After Monday’s revelation that Bend DAO, a NFT lending and borrowing protocol, only had 15 wrapped Ether (wETH), the protocol is now facing a credit crisis. The protocol has about $23,715 in wETH to pay its lenders. It has lent 15,000 ETH so far.
To avert the crisis, the project’s developers have proposed new emergency measures aimed at stabilizing Bend DAO’s ecosystem.
The emergency measures are proposed
The development team suggested that the liquidation threshold of collateral should be limited to 70% of the loan value. It was previously 85%.
Second, the auction period of NFTs will be reduced to 48 hours. The minimum bid price for NFTs must be 95% off the OpenSea floor price.
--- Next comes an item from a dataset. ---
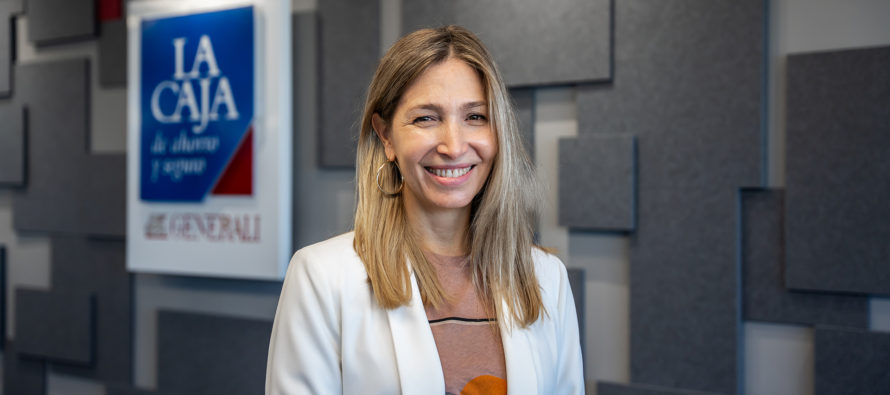 Manuela Araujo, LA CAJA, distinguida como Leading Women 2025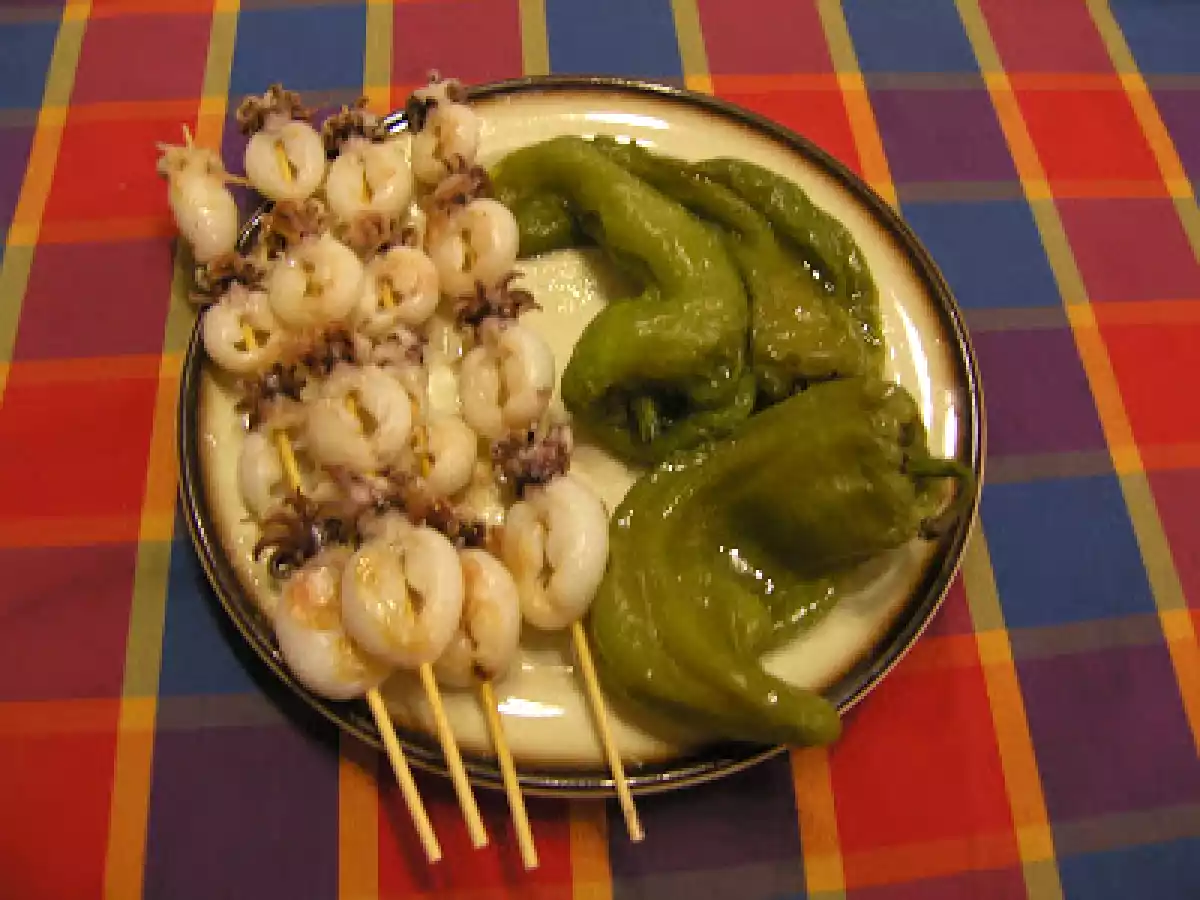 BROCHETA DE SEPIA CON PIMIENTO VERDE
The third factor is that interest rates for loans will be reduced from the current 100% rate to 20%.
Finally, the Bend DAO Treasurer shall be empowered with the power to cover all bad debts through revenue.
What caused the Bend DAO to exist?
Many NFTs are at risk of being liquidated due to the falling floor prices of NFTs on the market, even among the most popular NFT collections. The interest rates on “debt-secured” NFTs are skyrocketing and it has almost hit 100% making some users prefer letting go of their NFTs rather than paying back the debt and this is resulting in a lot of bad loans. The NFT markets aren’t as liquid as the coin markets, so there might not be one bid at liquidation. This complicates matters.
The community is currently voting for Bend DAO’s proposal. Although the voting process will take 24 hours, it has already passed the 47 million veBend requirement with 99.23% support.